Excerpted data START
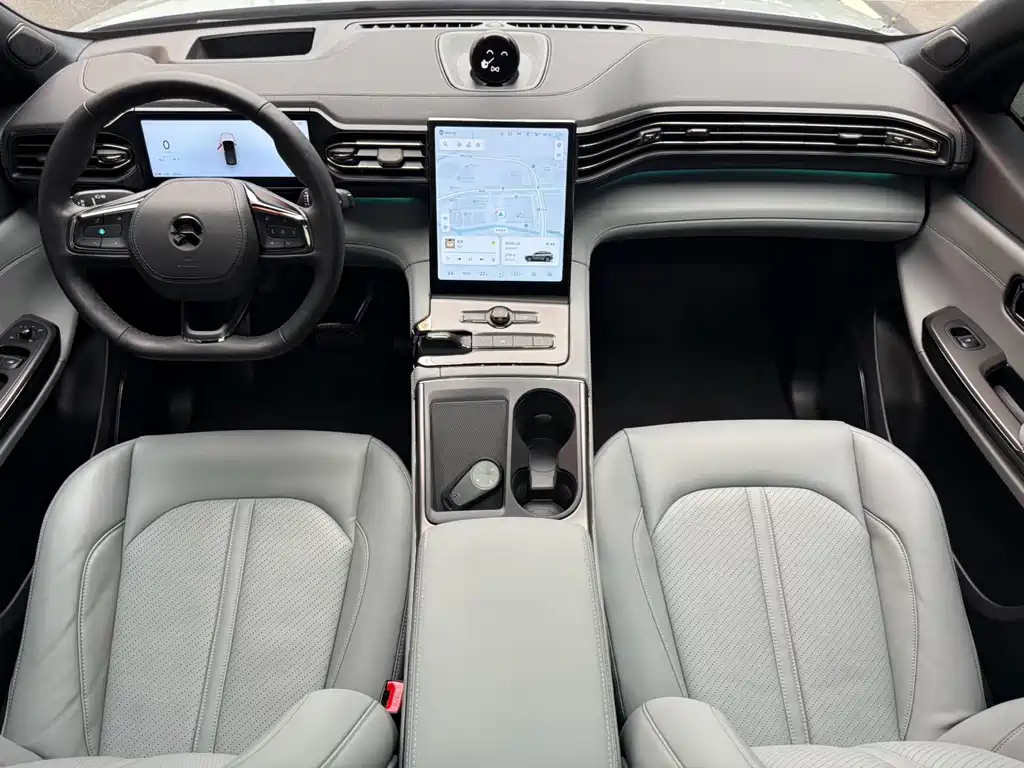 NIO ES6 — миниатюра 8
Excerpted data END
Excerpted data START
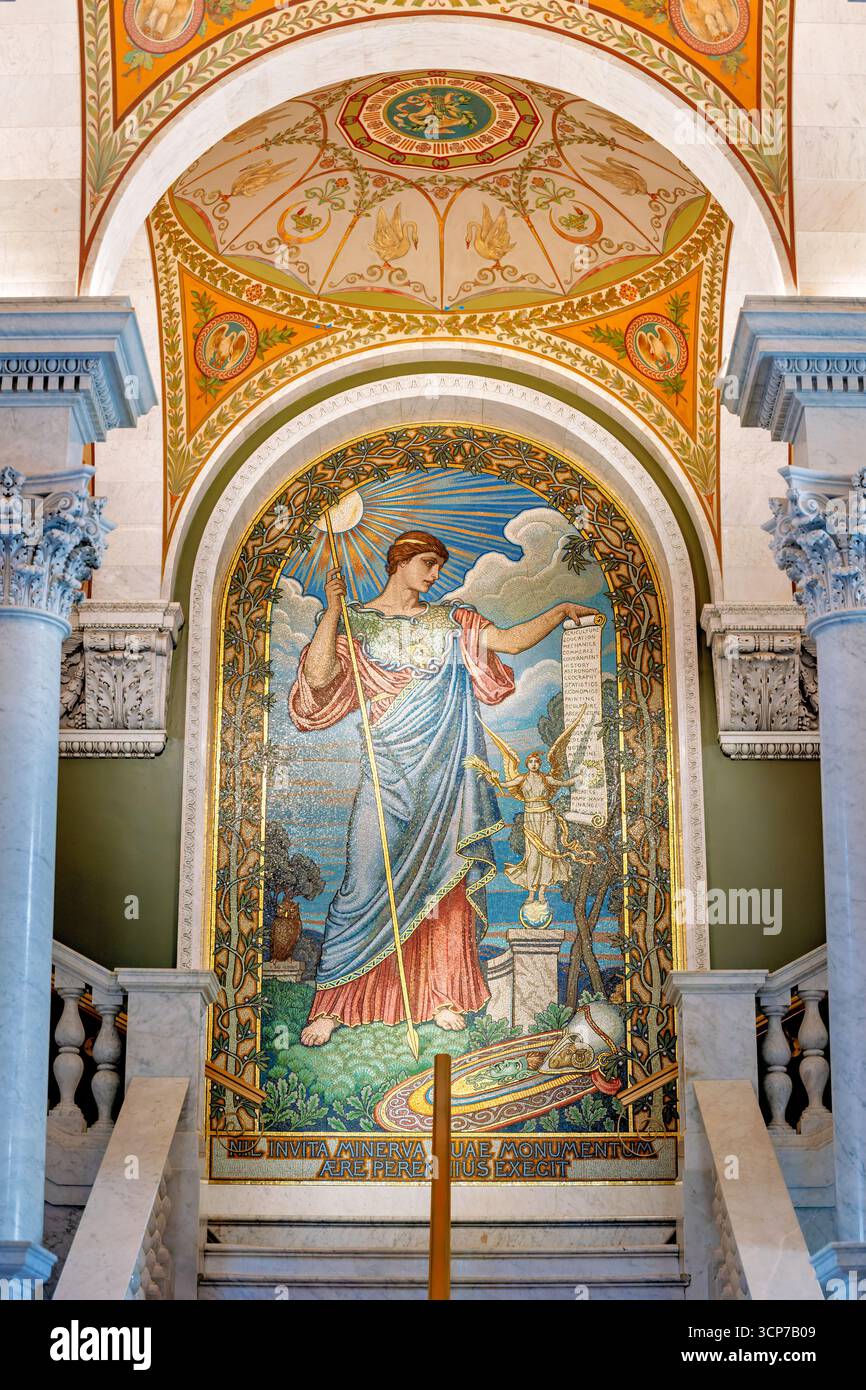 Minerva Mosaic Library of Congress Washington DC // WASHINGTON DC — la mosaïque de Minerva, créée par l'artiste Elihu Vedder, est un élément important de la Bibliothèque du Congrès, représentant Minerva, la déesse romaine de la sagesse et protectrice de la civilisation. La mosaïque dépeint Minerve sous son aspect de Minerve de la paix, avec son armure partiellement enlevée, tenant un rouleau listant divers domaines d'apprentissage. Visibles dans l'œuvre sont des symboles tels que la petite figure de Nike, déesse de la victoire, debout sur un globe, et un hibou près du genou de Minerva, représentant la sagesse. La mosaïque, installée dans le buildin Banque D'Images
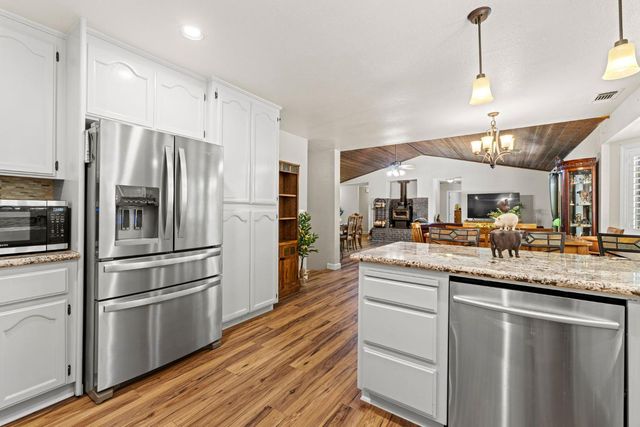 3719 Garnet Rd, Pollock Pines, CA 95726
Excerpted data END
Excerpted data START
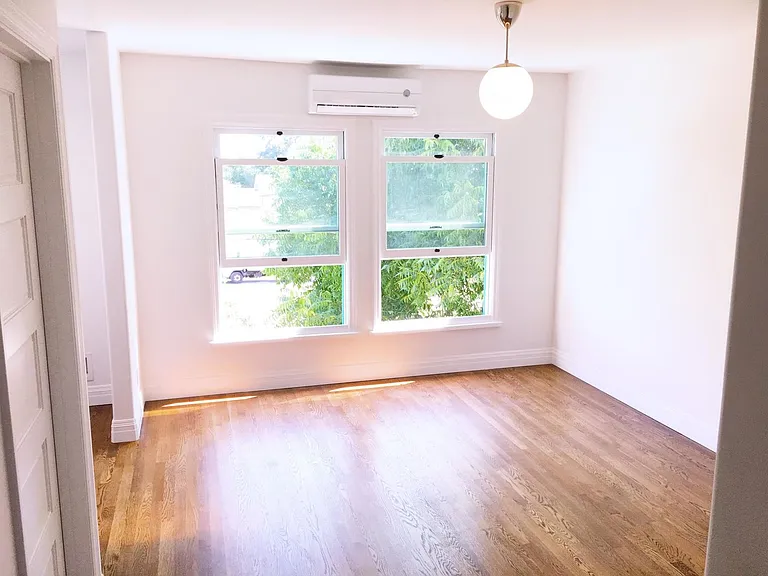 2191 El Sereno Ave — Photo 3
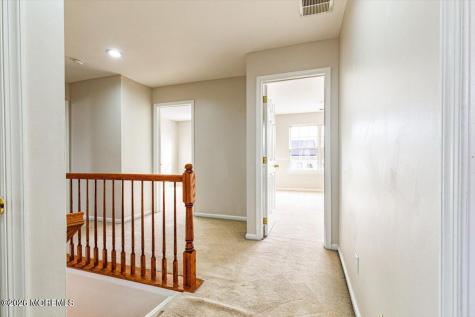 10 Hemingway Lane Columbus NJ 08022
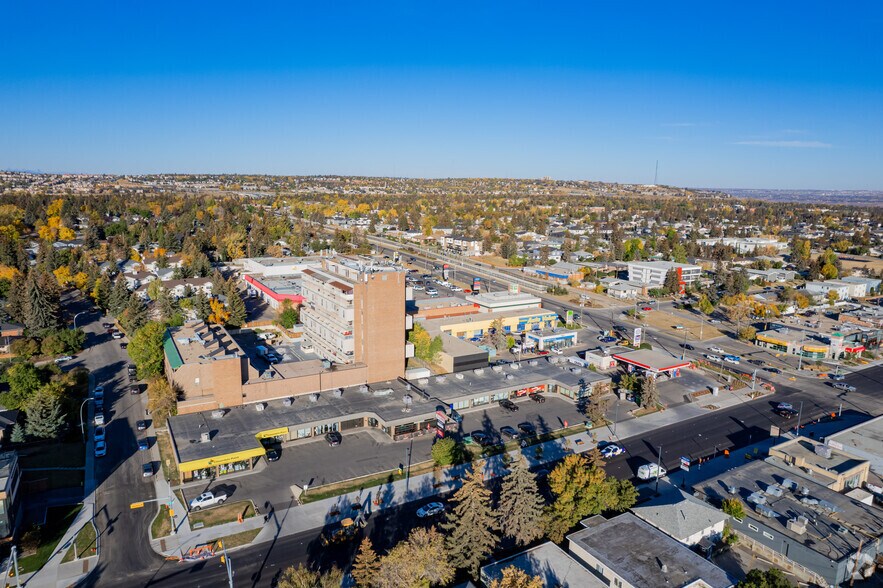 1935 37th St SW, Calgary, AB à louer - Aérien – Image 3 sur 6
Excerpted data END
*Instructions to follow*
For this exercise, please set down exactly the lines of the listing above from the line with "Minerva Mosaic Library" up to and including the line with "3719 Garnet Rd, Pollock Pines, CA 95726", and no pictures.

*Task result*
 Minerva Mosaic Library of Congress Washington DC // WASHINGTON DC — la mosaïque de Minerva, créée par l'artiste Elihu Vedder, est un élément important de la Bibliothèque du Congrès, représentant Minerva, la déesse romaine de la sagesse et protectrice de la civilisation. La mosaïque dépeint Minerve sous son aspect de Minerve de la paix, avec son armure partiellement enlevée, tenant un rouleau listant divers domaines d'apprentissage. Visibles dans l'œuvre sont des symboles tels que la petite figure de Nike, déesse de la victoire, debout sur un globe, et un hibou près du genou de Minerva, représentant la sagesse. La mosaïque, installée dans le buildin Banque D'Images
 3719 Garnet Rd, Pollock Pines, CA 95726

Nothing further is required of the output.